■ Problem details
Find, in the records below, the line that contains "NWOT Metallic Sequined" and the line that contains "Серый Фольксваген Кадди, объемом". Copy those two lines and everything between them exactly, but not the pictures.

[[ Supplied data, beginning ]]

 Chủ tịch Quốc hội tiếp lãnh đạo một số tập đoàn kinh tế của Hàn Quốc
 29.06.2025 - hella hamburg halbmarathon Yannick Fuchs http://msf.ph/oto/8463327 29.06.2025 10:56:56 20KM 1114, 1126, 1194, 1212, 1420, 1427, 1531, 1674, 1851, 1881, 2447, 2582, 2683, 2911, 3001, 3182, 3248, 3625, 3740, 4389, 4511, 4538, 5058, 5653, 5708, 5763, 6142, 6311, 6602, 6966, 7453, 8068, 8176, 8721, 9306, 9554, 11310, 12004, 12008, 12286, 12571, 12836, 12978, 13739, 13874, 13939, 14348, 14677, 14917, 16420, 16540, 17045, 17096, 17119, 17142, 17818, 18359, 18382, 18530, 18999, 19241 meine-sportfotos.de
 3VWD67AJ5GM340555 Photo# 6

[[ Supplied data, end ]]
[[ Supplied data, beginning ]]

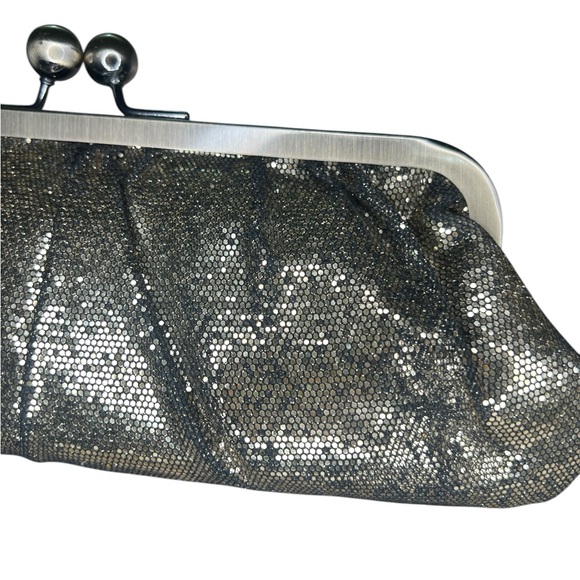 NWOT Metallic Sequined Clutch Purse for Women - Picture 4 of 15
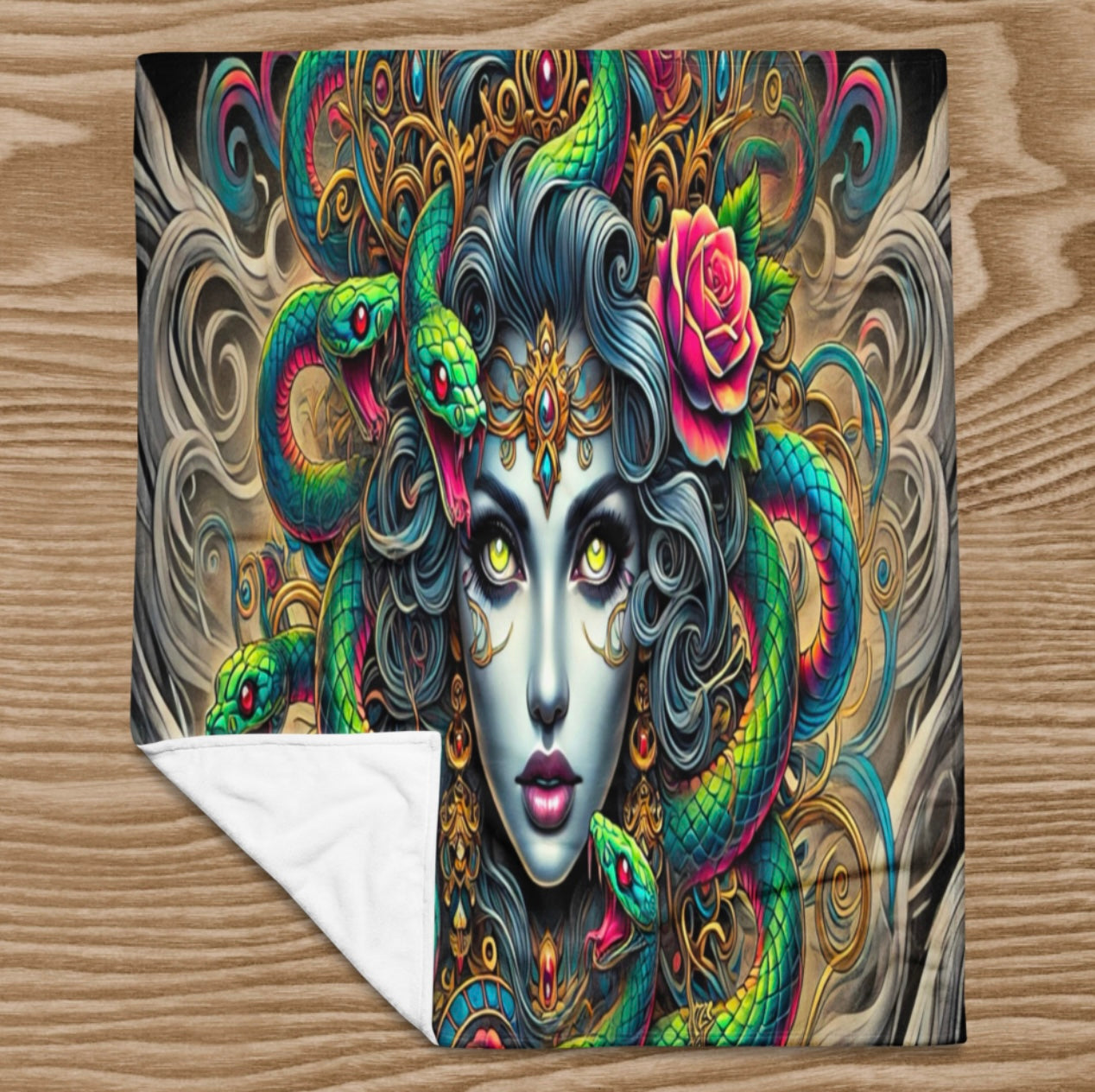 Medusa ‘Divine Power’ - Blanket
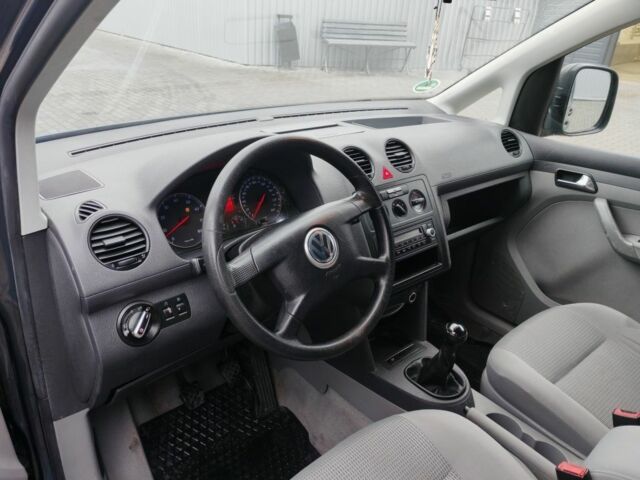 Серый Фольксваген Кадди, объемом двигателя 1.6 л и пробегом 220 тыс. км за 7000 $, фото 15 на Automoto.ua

[[ Supplied data, end ]]
[[ Supplied data, beginning ]]

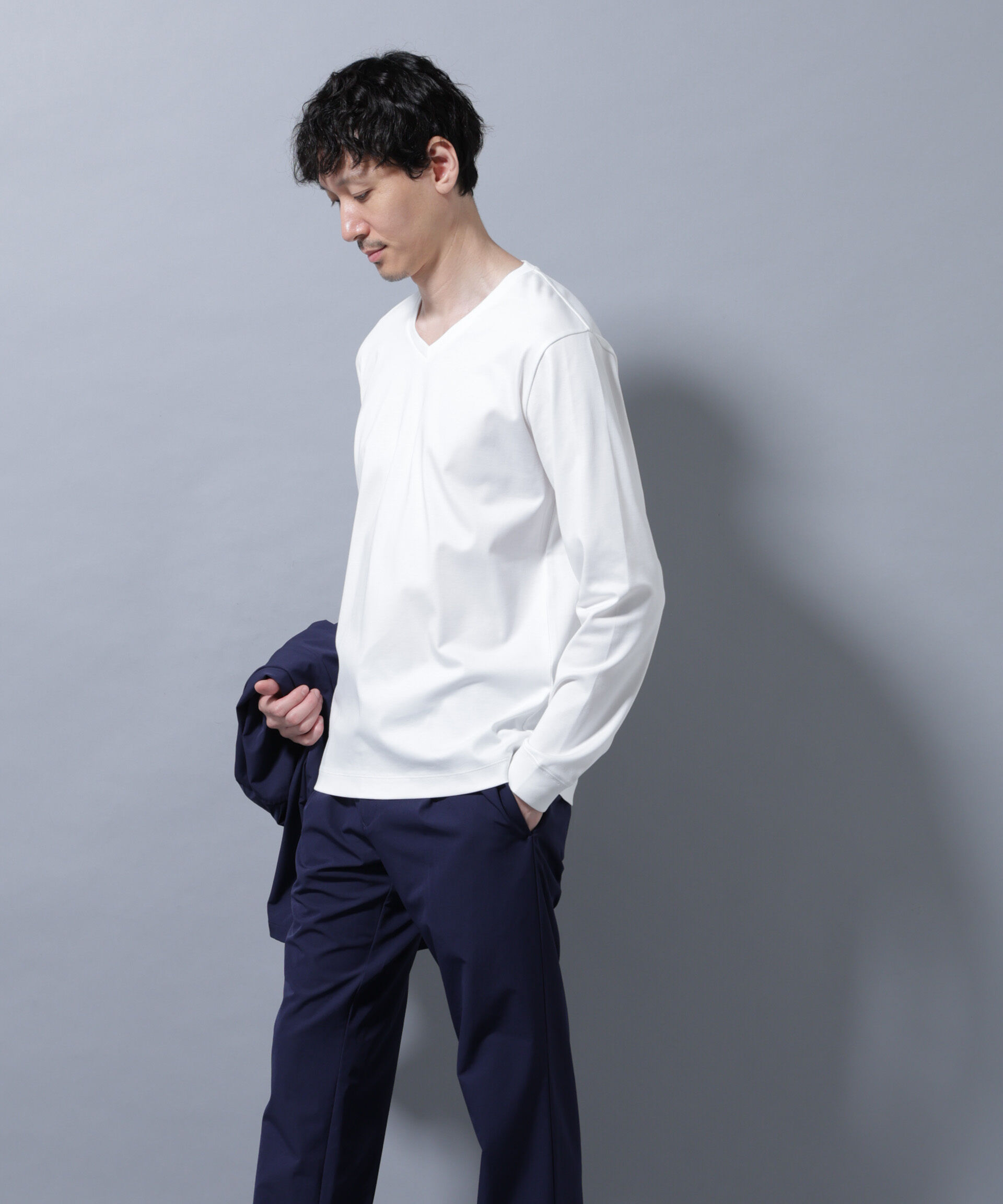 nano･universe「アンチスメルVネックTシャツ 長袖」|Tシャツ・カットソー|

[[ Supplied data, end ]]

■ Finished exercise
 NWOT Metallic Sequined Clutch Purse for Women - Picture 4 of 15
 Medusa ‘Divine Power’ - Blanket
 Серый Фольксваген Кадди, объемом двигателя 1.6 л и пробегом 220 тыс. км за 7000 $, фото 15 на Automoto.ua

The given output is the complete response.